Notre commission a déjà évoqué cette question dans un avis politique sur la réglementation financière, mais c'est dans le secteur agricole que les craintes d'un dessaisissement insidieux du pouvoir législatif ont été les plus vives. Lors de l'examen de la proposition de règlement relatif à la santé animale, Mme Bernadette Bourzai, évoque « les craintes d'un blanc-seing à la Commission ». Le texte est parfois ressenti comme étant « une coquille vide qui sera remplie plus tard ». La résolution européenne « déplore le recours manifestement excessif aux actes délégués et aux actes d'exécution - 163 au total - qui confère un pouvoir exorbitant à la Commission européenne ».
Enfin, les inquiétudes portent sur le contenu même des actes délégués et les risques de détournements de l'intention du législateur européen.

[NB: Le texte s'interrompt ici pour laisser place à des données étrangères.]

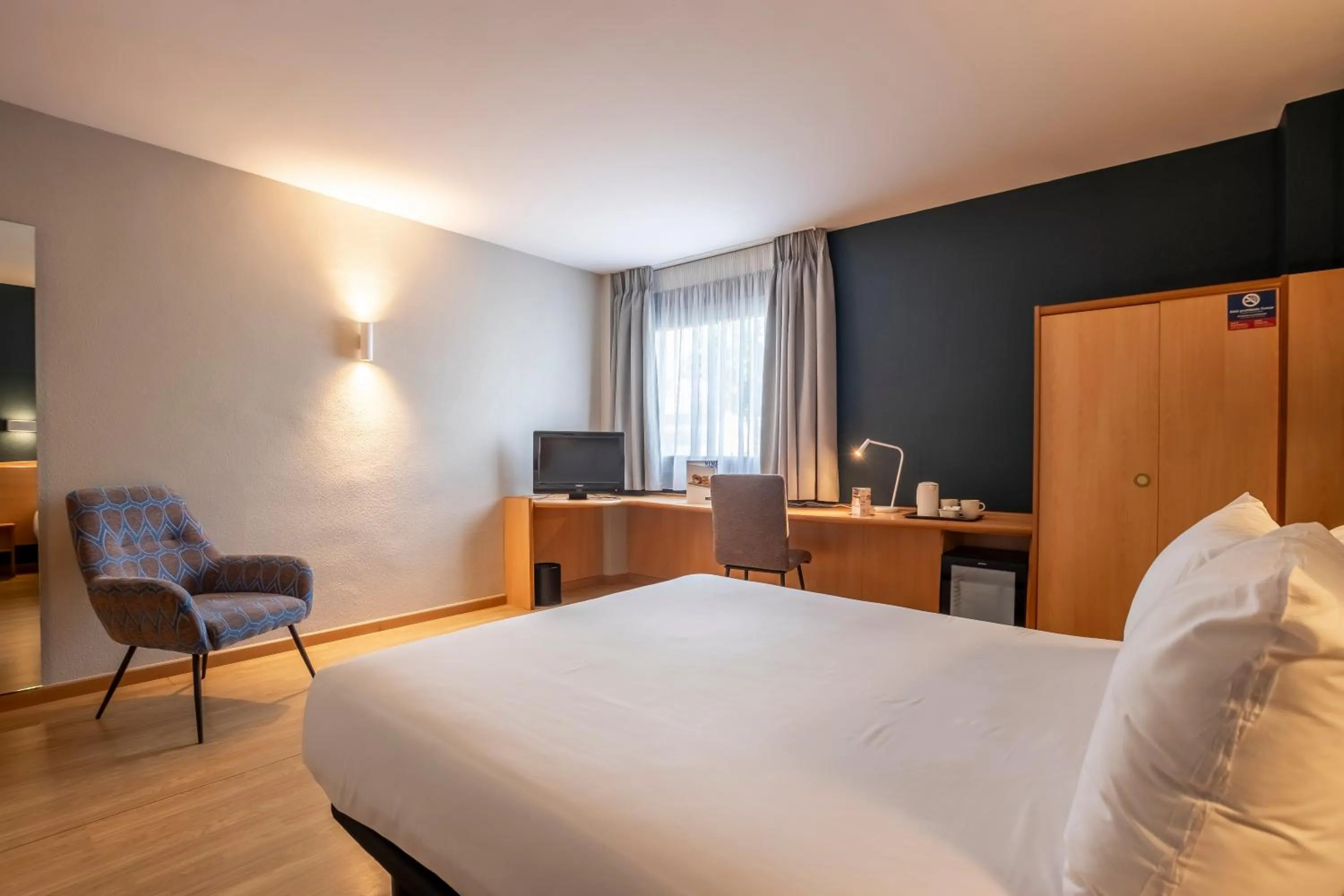 Photo of the whole room, Bed in Travelodge Murcia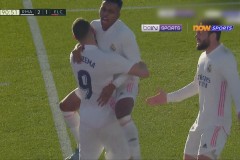 巴塞罗那逆转胜利：拉菲尼亚绝杀救主，莱万皮克红牌不影响士气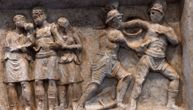 Deca crtala krvave borbe gladijatora pre nego što je Vezuv uništio grad: Neverovatno otkriće u Pompeji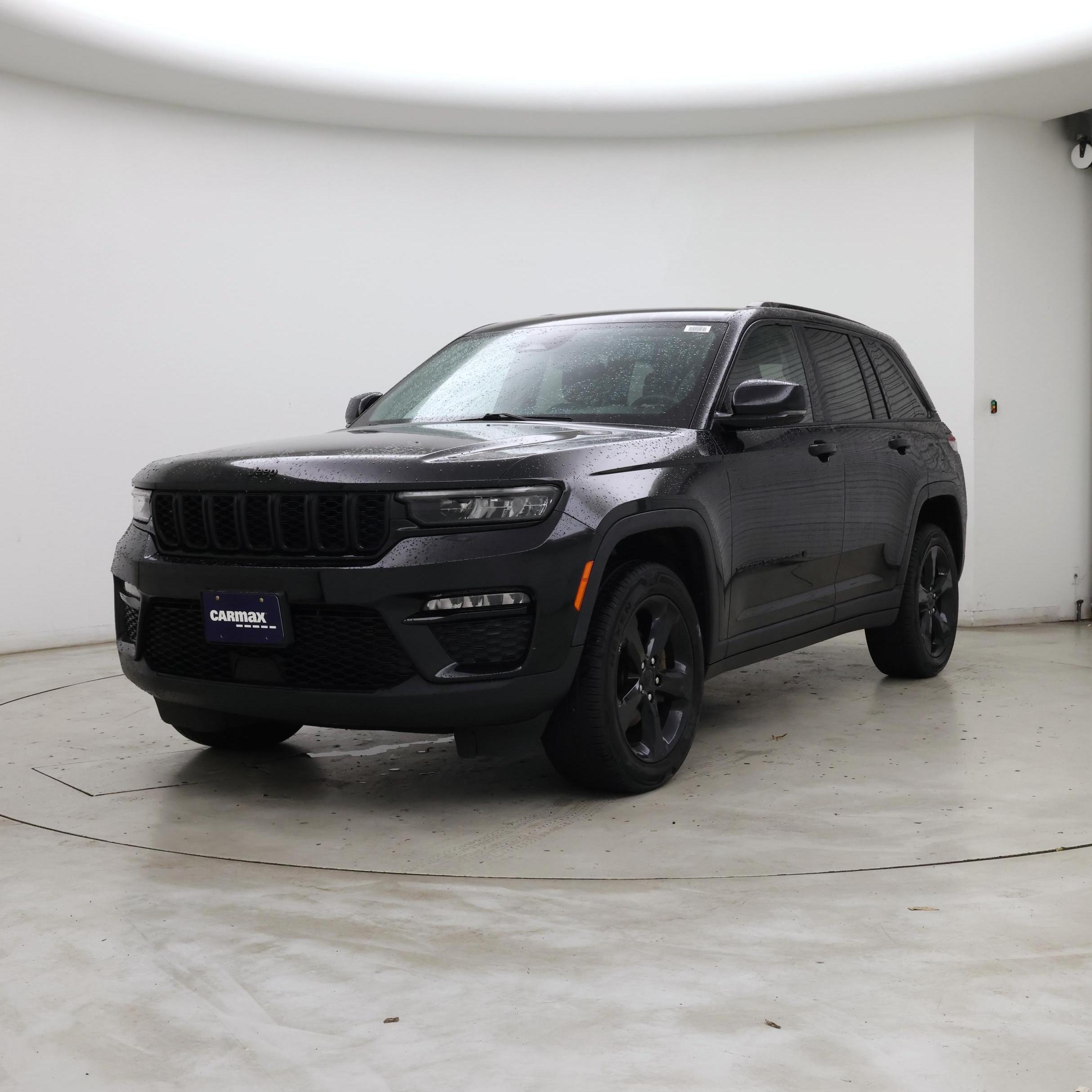 Thumbnail: 2023 Jeep Grand Cherokee - 4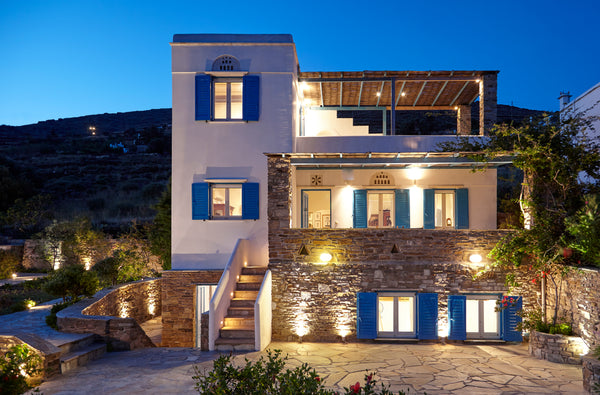 Located in a private garden of 850m², this traditional island house offers 3 mas Athens, Greece Dinora Villa Entire home vacation rental 6423001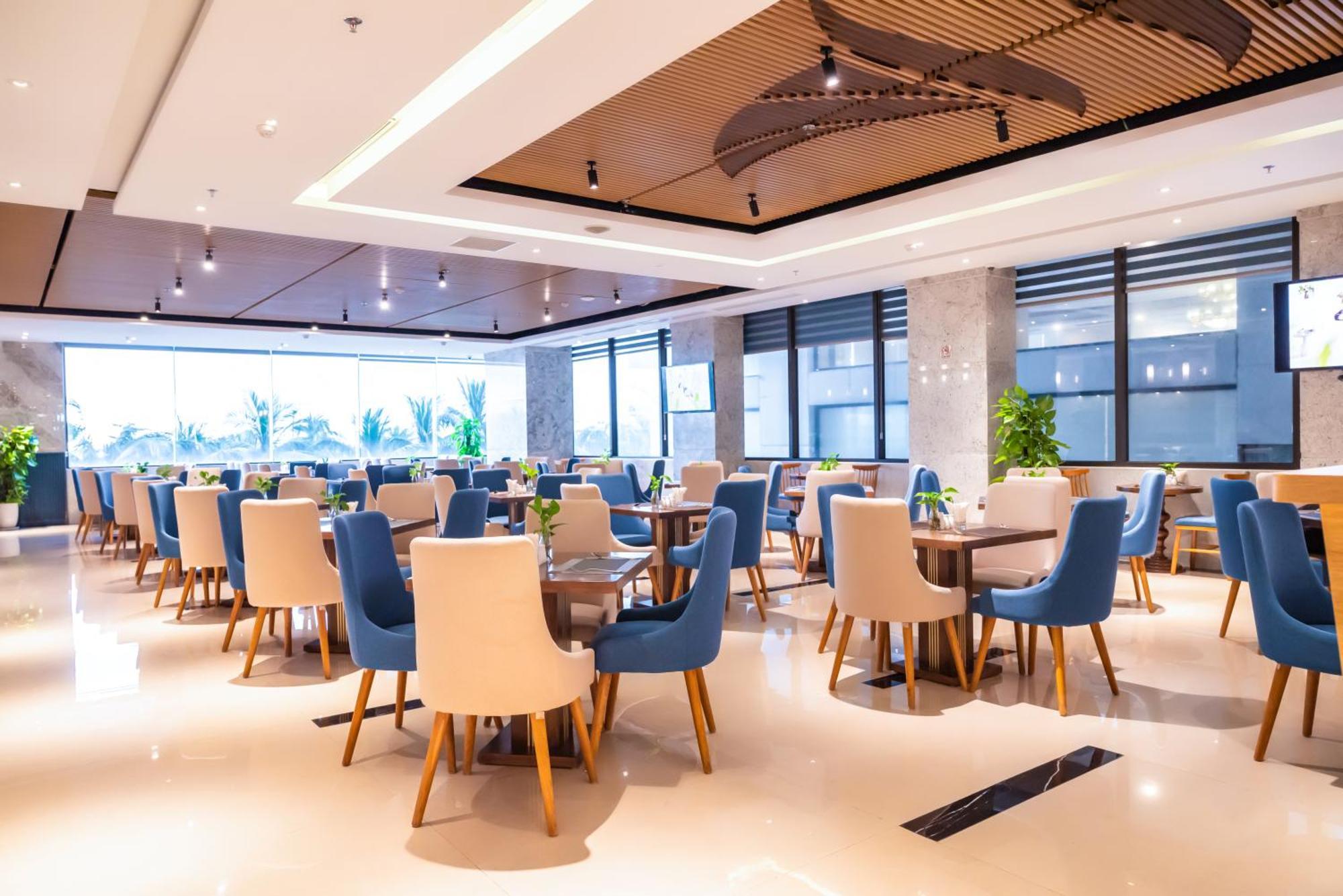 Canvas Danang Beach Hotel Esterno foto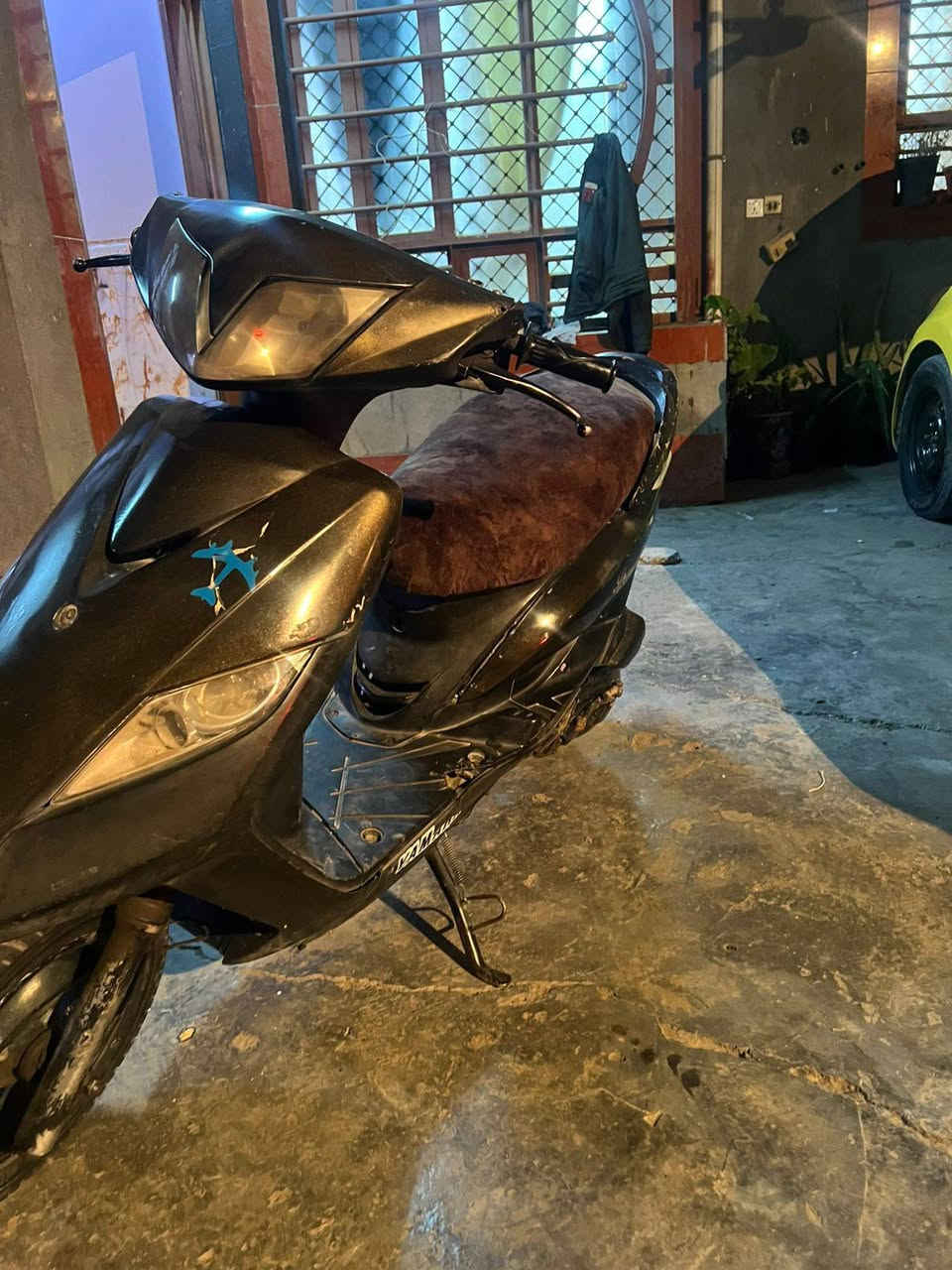 سلام عليكم دراجه ثلعب نكره سلف ما ناقصه شي لا تبخير لا نضوح لا تنقيص مكينه ناعمه كهربائية كله شغاله سعره 450 بيه مجال رقم: *********** بي وتساب وتصال
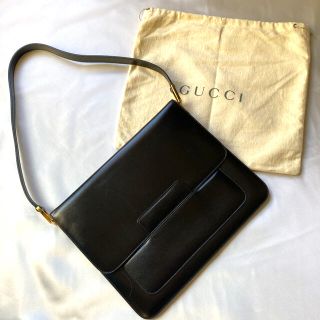 グッチ(Gucci)の☆使いやすく人気☆Gucci グッチ　ショルダーバック　黒(ショルダーバッグ)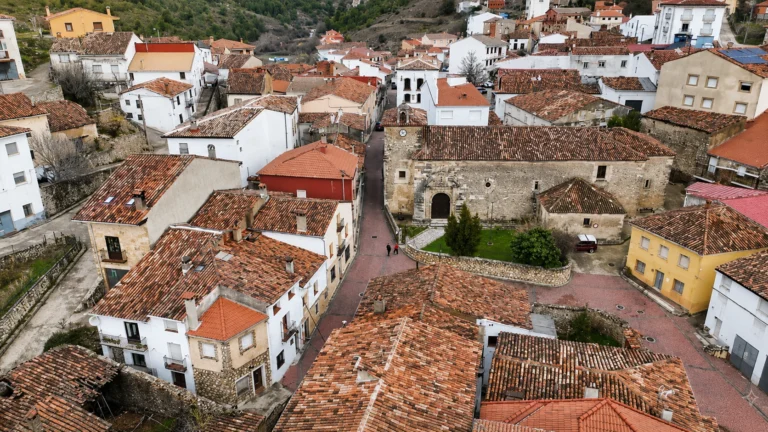 turismo activo Serranía de Cuenca — casco histórico de Cañizares base de Cañibike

Les actes délégués doivent normalement être en parfaite cohérence avec l'acte de base. Pourtant, plusieurs exemples récents ont montré que cette précision n'est pas superfétatoire. La France a d'ailleurs formulé une objection, en janvier 2014, à l'encontre d'un projet d'acte délégué portant sur l'étiquetage. Mais c'est encore sur la réforme de la PAC que les atteintes ont été les plus nettes. La note commune des États membres du 8 novembre 2013 fait état de nombreuses incohérences entre les deux niveaux de législation, voire de détournements de la rédaction de l'acte de base et de l'intention du législateur européen. Les États listent pas moins de dix cas dans lesquels le projet d'acte délégué contient des dispositions non prévues par l'acte de base. Parfois il ajoute des critères non prévus ; tantôt il réduit la portée des dispositions adoptées : l'acte de base prévoit par exemple, le maintien de l'aide couplée pour les ovins et les caprins mais le projet d'acte délégué limite cette aide couplée aux seules femelles.